The agency is also curious about whether these cameras have facial recognition capabilities.
Yuma Sector Border Patrol Agents patrol the Colorado River near Yuma, Arizona; U.S. Customs and Border Protection
Yuma Sector Border Patrol Agents patrol the Colorado River near Yuma, Arizona in February 2019. (U.S. Customs and Border Protection / Jerry Glaser / Flickr)

U.S. Customs and Border Protection is soliciting information on body-worn cameras and an attendant video management system to create an “Incident Driven Video Recording System.”

CBP also wants to know whether facial recognition and facial comparison technology is available to be run on these cameras.

The agency’s request for information (RFI) indicates an interest in the full lifecycle of the video process — from the actual cameras used to capture video, to the video management system where it can be redacted, tagged and searched as necessary, to the cloud storage where it can be stored.

CBP envisions the body cams being used by Border Patrol agents in service of their two-fold mission — detecting and apprehending illegal aliens and detecting illegal narcotics.

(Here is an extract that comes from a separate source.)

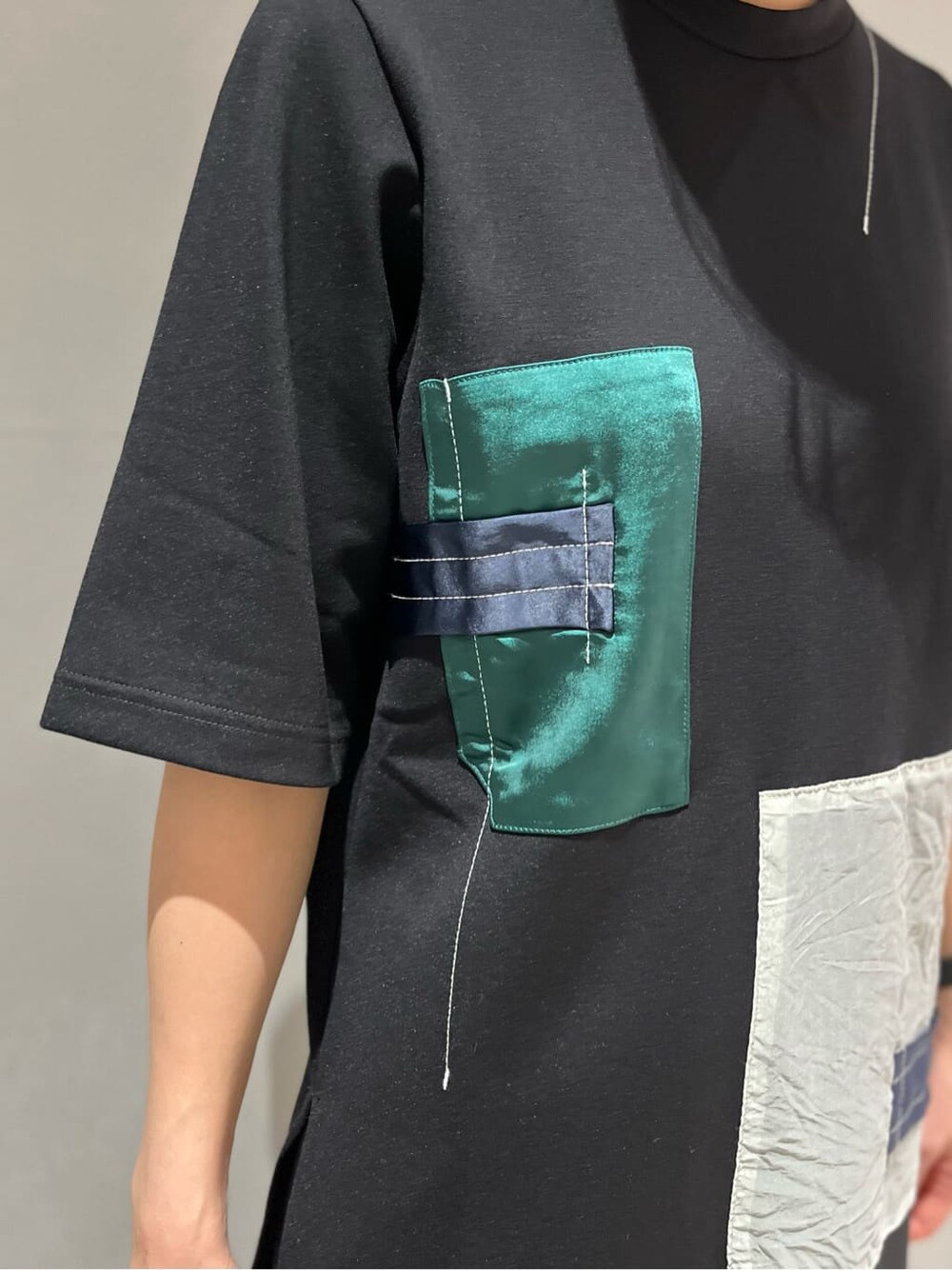 ブラック系のTシャツ/カットソー、ブラック系のスカート、ブラック系のサンダルを着用したレディースの春コーディネートの4枚目の写真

The cameras would be part of a “targeted deployment” to “known interdiction points” where fixed cameras can’t capture interactions between Border Patrol agents and the public. The RFI says footage must be encrypted, high-definition and offloadable with “limited user effort.”


The RFI also includes a couple “features of potential interest,” and this is where facial recognition comes in. “Is this capability currently available?” the RFI asks. “If currently under development, when will it be operational? If applicable, explain why the vendor has decided not to offer the feature at this time.”

One company has already publicly answered this question — in July the leading body camera company Axon announced that it would not enable facial recognition on its devices. This announcement followed a review by the company’s independent ethics board, where the board concluded that “face recognition technology is not currently reliable enough to ethically justify its use.”

While the facial recognition component in this particular RFI is only a nice-to-have, CBP has previously stated that it envisions a world where the biometric technology is used for “all passenger applications.”

“The paradigm will evolve from biographic data focused to biometric data centric,” the agency wrote in a draft RFQ from this summer. “CBP will identify travelers biometrically based on information already in CBP holdings as an alternative to having the traveler present their travel document.”

The agency is already using facial recognition, in keeping with an existing legislative mandate, to verify the identities of departing international travelers through its Biometric Exit Program. But the technology is somewhat controversial, too — lawmakers and civil liberties groups have questioned its use.


CBP began a six month test of this Incident Driven Video Recording System in May 2018. The goal of that pilot was to “determine CBP’s capability needs and gaps with documenting incidents and to enhance transparency of operations through the use of fixed, vehicle mounted, and body-worn cameras, while supporting officer safety.” Now, it seems, the agency is moving forward.

Responses to the RFI are due by Oct. 31.